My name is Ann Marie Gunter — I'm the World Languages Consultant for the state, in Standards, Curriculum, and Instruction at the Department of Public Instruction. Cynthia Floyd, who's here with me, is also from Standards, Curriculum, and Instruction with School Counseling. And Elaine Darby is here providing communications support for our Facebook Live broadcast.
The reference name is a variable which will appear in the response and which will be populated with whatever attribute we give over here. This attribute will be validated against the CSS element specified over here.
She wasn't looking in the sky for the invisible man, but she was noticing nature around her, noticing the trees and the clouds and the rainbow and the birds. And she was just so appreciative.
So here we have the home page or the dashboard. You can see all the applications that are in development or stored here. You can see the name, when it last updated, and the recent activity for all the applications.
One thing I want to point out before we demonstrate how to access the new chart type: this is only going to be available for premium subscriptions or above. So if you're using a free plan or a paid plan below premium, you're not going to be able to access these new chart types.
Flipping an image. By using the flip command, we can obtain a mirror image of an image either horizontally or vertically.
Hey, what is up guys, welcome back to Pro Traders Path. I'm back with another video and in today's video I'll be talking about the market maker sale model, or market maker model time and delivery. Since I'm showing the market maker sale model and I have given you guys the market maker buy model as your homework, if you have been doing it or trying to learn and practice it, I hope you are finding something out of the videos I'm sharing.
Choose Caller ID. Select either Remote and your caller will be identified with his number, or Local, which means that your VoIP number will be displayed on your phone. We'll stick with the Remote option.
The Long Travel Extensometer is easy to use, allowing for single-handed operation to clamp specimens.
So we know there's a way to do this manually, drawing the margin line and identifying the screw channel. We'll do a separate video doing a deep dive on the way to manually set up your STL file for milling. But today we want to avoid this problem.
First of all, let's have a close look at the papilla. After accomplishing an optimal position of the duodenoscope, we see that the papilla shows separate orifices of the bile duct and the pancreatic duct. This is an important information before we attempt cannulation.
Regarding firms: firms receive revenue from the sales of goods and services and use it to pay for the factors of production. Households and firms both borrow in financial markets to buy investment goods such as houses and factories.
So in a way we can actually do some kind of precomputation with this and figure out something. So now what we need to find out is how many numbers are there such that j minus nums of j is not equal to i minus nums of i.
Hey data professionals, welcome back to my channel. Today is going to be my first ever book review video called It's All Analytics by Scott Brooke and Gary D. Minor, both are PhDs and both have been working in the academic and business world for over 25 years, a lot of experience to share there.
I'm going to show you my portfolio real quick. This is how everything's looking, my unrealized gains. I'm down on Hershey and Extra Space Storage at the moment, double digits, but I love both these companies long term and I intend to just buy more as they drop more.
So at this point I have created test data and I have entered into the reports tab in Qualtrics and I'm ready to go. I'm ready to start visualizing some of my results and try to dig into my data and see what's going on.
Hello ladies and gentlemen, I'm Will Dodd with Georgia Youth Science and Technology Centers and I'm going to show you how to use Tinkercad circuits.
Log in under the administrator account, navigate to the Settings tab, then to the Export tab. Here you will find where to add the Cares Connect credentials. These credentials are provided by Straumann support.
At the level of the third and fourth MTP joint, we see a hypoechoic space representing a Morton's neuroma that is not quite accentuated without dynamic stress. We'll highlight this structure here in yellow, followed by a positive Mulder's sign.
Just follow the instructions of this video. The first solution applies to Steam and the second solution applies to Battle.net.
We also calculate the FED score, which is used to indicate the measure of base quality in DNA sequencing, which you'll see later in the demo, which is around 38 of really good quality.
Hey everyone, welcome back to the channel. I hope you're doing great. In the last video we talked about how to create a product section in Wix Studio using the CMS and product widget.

☆ ☆ ☆

__What you need to do__.
Restate the data above word for word. Leave nothing out.

__Result below__.
My name is Ann Marie Gunter — I'm the World Languages Consultant for the state, in Standards, Curriculum, and Instruction at the Department of Public Instruction. Cynthia Floyd, who's here with me, is also from Standards, Curriculum, and Instruction with School Counseling. And Elaine Darby is here providing communications support for our Facebook Live broadcast.
The reference name is a variable which will appear in the response and which will be populated with whatever attribute we give over here. This attribute will be validated against the CSS element specified over here.
She wasn't looking in the sky for the invisible man, but she was noticing nature around her, noticing the trees and the clouds and the rainbow and the birds. And she was just so appreciative.
So here we have the home page or the dashboard. You can see all the applications that are in development or stored here. You can see the name, when it last updated, and the recent activity for all the applications.
One thing I want to point out before we demonstrate how to access the new chart type: this is only going to be available for premium subscriptions or above. So if you're using a free plan or a paid plan below premium, you're not going to be able to access these new chart types.
Flipping an image. By using the flip command, we can obtain a mirror image of an image either horizontally or vertically.
Hey, what is up guys, welcome back to Pro Traders Path. I'm back with another video and in today's video I'll be talking about the market maker sale model, or market maker model time and delivery. Since I'm showing the market maker sale model and I have given you guys the market maker buy model as your homework, if you have been doing it or trying to learn and practice it, I hope you are finding something out of the videos I'm sharing.
Choose Caller ID. Select either Remote and your caller will be identified with his number, or Local, which means that your VoIP number will be displayed on your phone. We'll stick with the Remote option.
The Long Travel Extensometer is easy to use, allowing for single-handed operation to clamp specimens.
So we know there's a way to do this manually, drawing the margin line and identifying the screw channel. We'll do a separate video doing a deep dive on the way to manually set up your STL file for milling. But today we want to avoid this problem.
First of all, let's have a close look at the papilla. After accomplishing an optimal position of the duodenoscope, we see that the papilla shows separate orifices of the bile duct and the pancreatic duct. This is an important information before we attempt cannulation.
Regarding firms: firms receive revenue from the sales of goods and services and use it to pay for the factors of production. Households and firms both borrow in financial markets to buy investment goods such as houses and factories.
So in a way we can actually do some kind of precomputation with this and figure out something. So now what we need to find out is how many numbers are there such that j minus nums of j is not equal to i minus nums of i.
Hey data professionals, welcome back to my channel. Today is going to be my first ever book review video called It's All Analytics by Scott Brooke and Gary D. Minor, both are PhDs and both have been working in the academic and business world for over 25 years, a lot of experience to share there.
I'm going to show you my portfolio real quick. This is how everything's looking, my unrealized gains. I'm down on Hershey and Extra Space Storage at the moment, double digits, but I love both these companies long term and I intend to just buy more as they drop more.
So at this point I have created test data and I have entered into the reports tab in Qualtrics and I'm ready to go. I'm ready to start visualizing some of my results and try to dig into my data and see what's going on.
Hello ladies and gentlemen, I'm Will Dodd with Georgia Youth Science and Technology Centers and I'm going to show you how to use Tinkercad circuits.
Log in under the administrator account, navigate to the Settings tab, then to the Export tab. Here you will find where to add the Cares Connect credentials. These credentials are provided by Straumann support.
At the level of the third and fourth MTP joint, we see a hypoechoic space representing a Morton's neuroma that is not quite accentuated without dynamic stress. We'll highlight this structure here in yellow, followed by a positive Mulder's sign.
Just follow the instructions of this video. The first solution applies to Steam and the second solution applies to Battle.net.
We also calculate the FED score, which is used to indicate the measure of base quality in DNA sequencing, which you'll see later in the demo, which is around 38 of really good quality.
Hey everyone, welcome back to the channel. I hope you're doing great. In the last video we talked about how to create a product section in Wix Studio using the CMS and product widget.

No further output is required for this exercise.